Но пока до этого было далеко. Ведь огромные залы дворца нужно было приспособить под выставку, разделив их перегородками, и сделать это, не нарушив целостность архитектурного ансамбля. Эту нелегкую задачу Дягилев поручил молодым архитекторам Владимиру Щуко и Николаю Лансере, а также художнику Евгению Лансере и, как всегда, в своем выборе не ошибся.

В итоге получился целый ряд залов, предназначавшихся для портретов отдельных царствований: Петра I, Елизаветы Петровны, Екатерины II и других монархов. Причем каждое помещение было декорировано в стиле представленной эпохи, а сами перегородки задрапированы тканью различных цветов. Особенно удачно был спроектирован Павловский зал — с черным бархатным балдахином над портретом императора работы Сальватора Тончи, изобразившего его в одеянии гроссмейстера Мальтийского ордена и с короной, надетой набекрень. Под современные портреты, начиная со второй половины XIX века и заканчивая работами В. Серова, Б. Кустодиева и К. Сомова, был отведен большой Зимний сад, расположенный в полукруглом зале — том самом, где потом проходили заседания Государственной думы.
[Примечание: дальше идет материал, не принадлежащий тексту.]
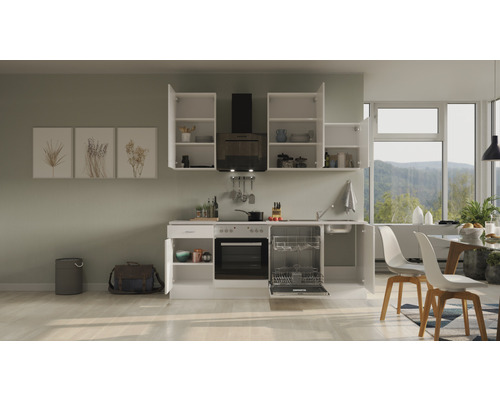 Helle Küche mit Küchenschränken, Dunstabzugshaube, Spüle, Geschirrspüler und Elektroherd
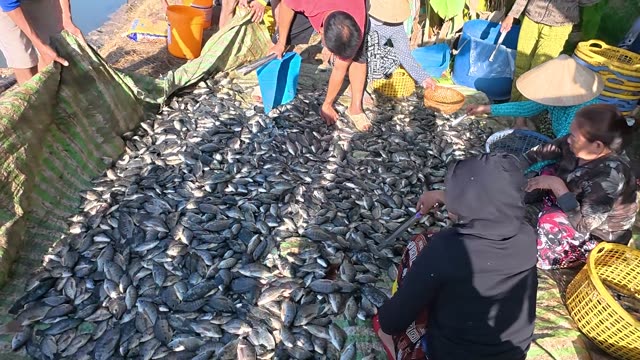 Fish Pond Aeration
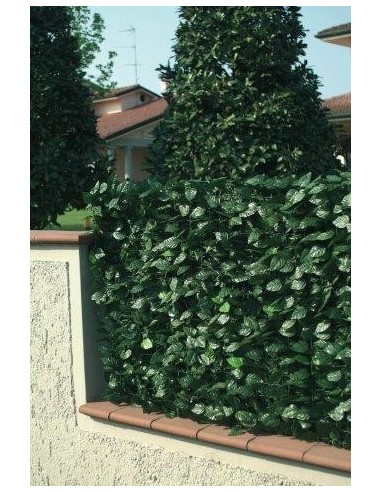 SIEPE LAURO H.150 MT.3 SIEPE LAURO H.150 MT.3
Центральная часть главного колонного зала дворца была отведена под атриум выставки[39], и там, в соответствии с замыслом Льва Бакста, соорудили трельяжный сад в духе XVIII века — с тонкими решетками для вьющихся растений и боскетами[40] из лавровых деревьев. Но когда автор, явно ожидавший похвалы, показал свое произведение Дягилеву, тот неожиданно раскричался: «Что за кладбище ты тут устроил?!» — и приказал всё сломать до основания. Бедный Бакст пригорюнился. Очередной приказ «деспота» больно ударил по самолюбию, и ему казалось, что теперь-то уж точно ничего путного у него не получится. Легко сказать «сделать всё по-новому», а каково претворить это в жизнь? Но возражать он не стал, как всегда, подчинился напору Сергея Павловича. А когда новый боскетный сад был готов, Бакст сам удивился прозорливости друга: второй вариант действительно оказался намного удачнее и стал очаровательным фоном для картин. Особенно же украсили вход на выставку портретные мраморные бюсты времен Екатерины Великой и Александра I.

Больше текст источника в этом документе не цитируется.